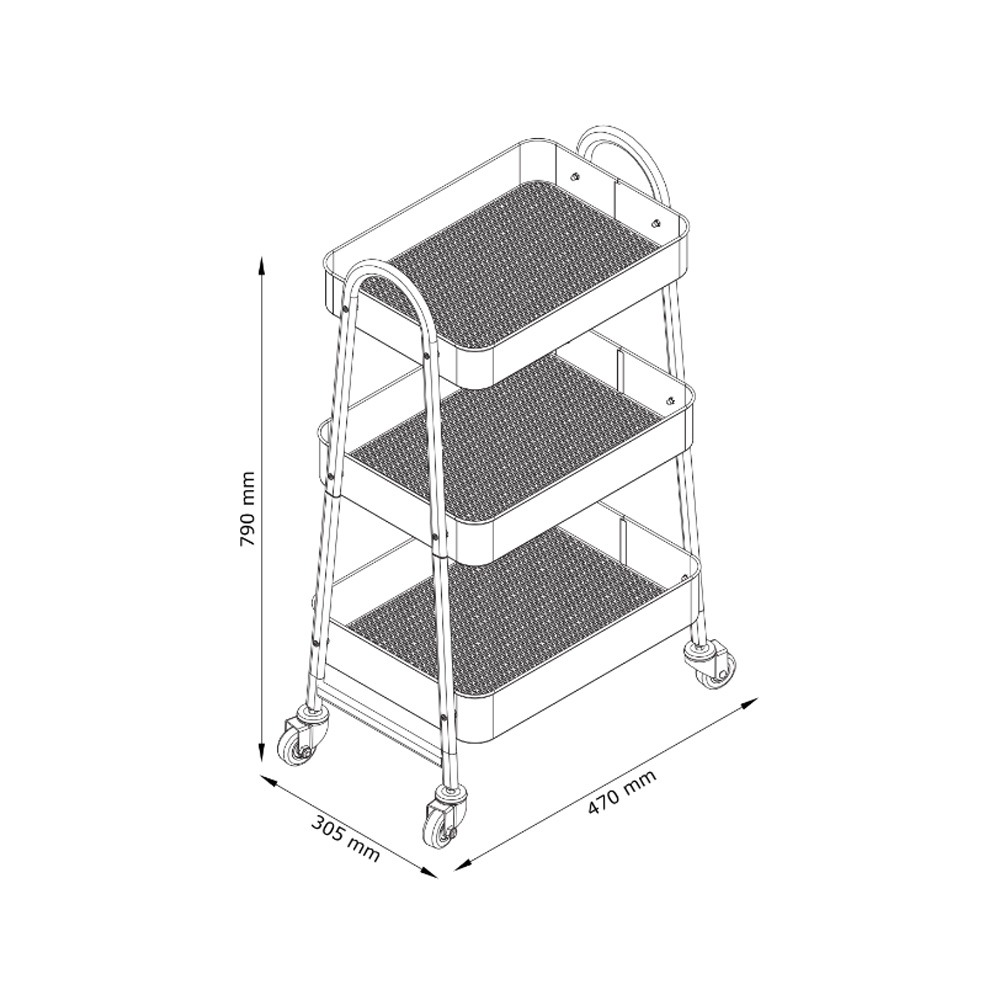 Kệ đa năng | JYSK Kanstrup | kim loại/PP | nhiều màu | R47xS31xC79cm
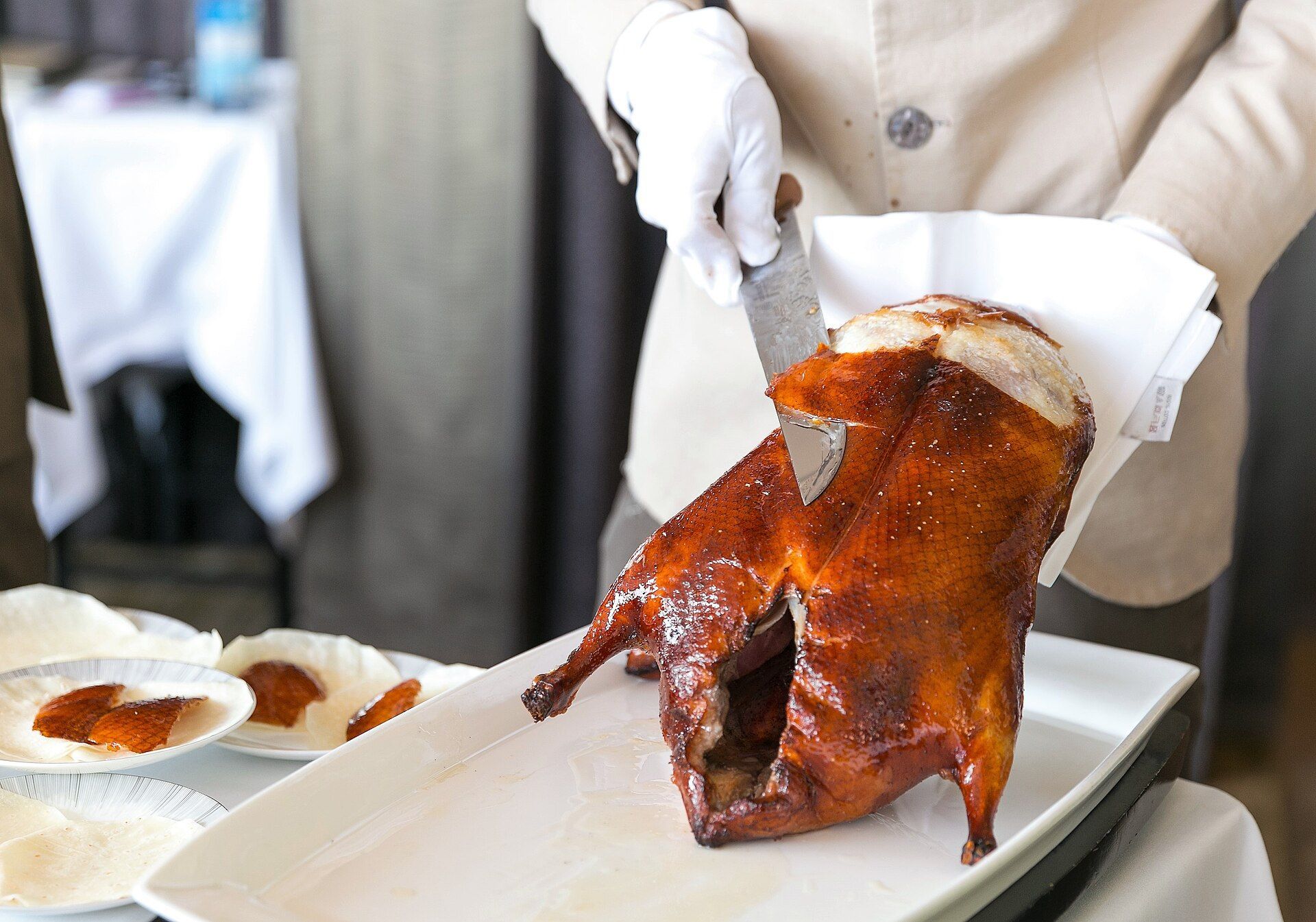 Carving a Peking Duck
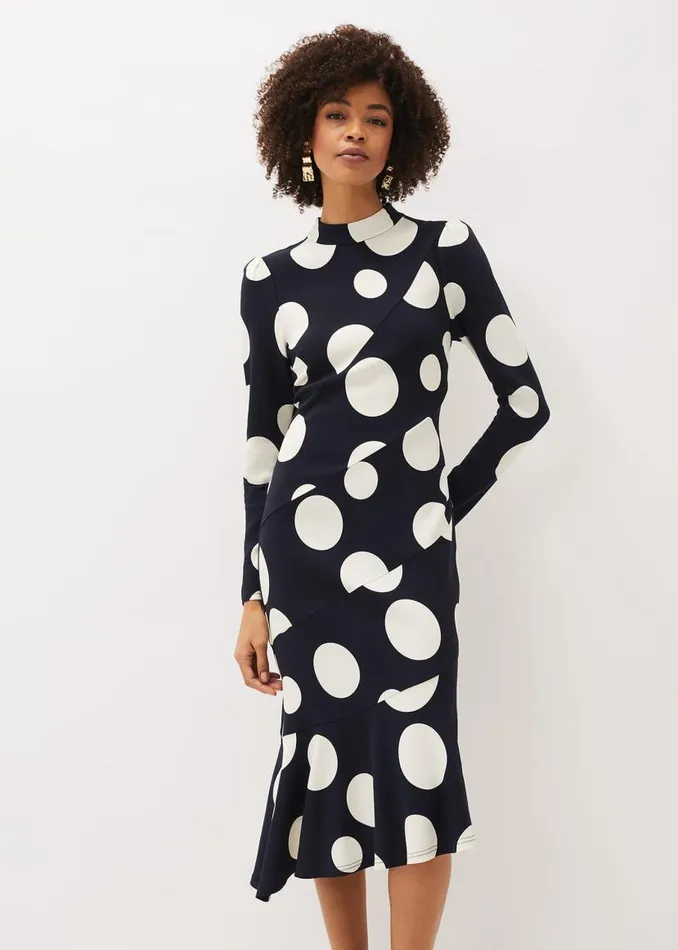 Phase Eight Dresses Gabi Spot Print Asymmetric Hem Dress Navyivory 8211 Women Phase Eight Dresses Gabi Spot Print Asymmetric Hem Dress Navyivory 8211 Women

# PROBLEM
Please repeat the data verbatim and leave the pictures out of your copy.

# TASK RESULT
 Kệ đa năng | JYSK Kanstrup | kim loại/PP | nhiều màu | R47xS31xC79cm
 Carving a Peking Duck
 Phase Eight Dresses Gabi Spot Print Asymmetric Hem Dress Navyivory 8211 Women Phase Eight Dresses Gabi Spot Print Asymmetric Hem Dress Navyivory 8211 Women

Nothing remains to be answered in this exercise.